Bagel: Pregel on Spark, which can be used for graph computing. This is a very useful small project. Bagel comes with an example to implement Google's PageRank algorithm.

What is Hadoop, HBase, Storm, and Spark? Hadoop = HDFS + Hive + Pig +...

HDFS: Storage System
MapReduce: Computing System
Hive: MapReduce provided to SQL developers (through HiveQL), Hadoop-based Data Warehouse framework
Pig: Developed based on Hadoop
HBase: NoSQL Database
Flume: A framework for collecting and processing Hadoop data
Oozie: A workflow processing system that allows users to define a series of jobs in multiple languages (such as MapReduce, Pig, and Hive)
Ambari: A web-based tool set for deploying, managing, and monitoring Hadoop clusters.
Avro: A data serialization system that allows encoding of the schema of A Hadoop File
Mahout: A data mining database that contains some of the most popular data mining algorithms and implements them using the MapReduce model.
Sqoop: A Connection Tool for moving data from non-Hadoop data storage (such as relational databases and data warehouses) to Hadoop
HCatalog: A centralized metadata management and Apache Hadoop sharing service. It allows a unified view of all data in a Hadoop cluster and allows different tools, including Pig and Hive, to process any data element, without the need to know the data storage of the body in the cluster.
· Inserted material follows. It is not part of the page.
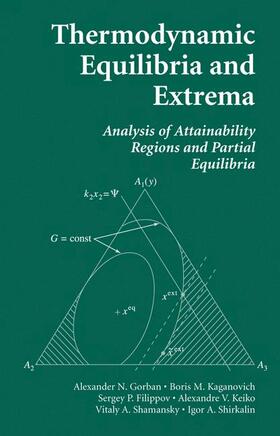 Gorban / Kaganovich / Shirkalin |  Thermodynamic Equilibria and Extrema | Buch |  Sack Fachmedien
BigTop: To create a more formal program or framework Hadoop sub-project and related components, improve the Hadoop platform as a whole packaging and interoperability test.

Apache Storm: A Distributed Real-time computing system. Storm is a task parallel continuous computing engine. Storm itself is not typically running on a Hadoop cluster. It uses Apache ZooKeeper to work with its own master/Slave processes, coordinate topology, host and worker statuses, and ensure information semantics. In any case, Storm can consume or write data from HDFS files to HDFS.

Apache Spark: A fast universal engine for large-scale data processing. Spark is a universal data processing engine for parallel data processing. Workflows are defined in a similar and nostalgic MapReduce, but they are more competent than traditional Hadoop MapReduce. Apache Spark has its stream API project, which allows continuous processing through a short interval batch. Apache Spark does not require Hadoop operations. However, its data parallel mode requires stable Data Optimization Using a shared file system. The range of the stable source can be from S3, NFS or, more typically, HDFS. Hadoop YARN is not required to run Spark applications. Spark has its own independent master/server processes. However, this is a common application that runs Spark using the YARN container. In addition, Spark can run on the Mesos cluster.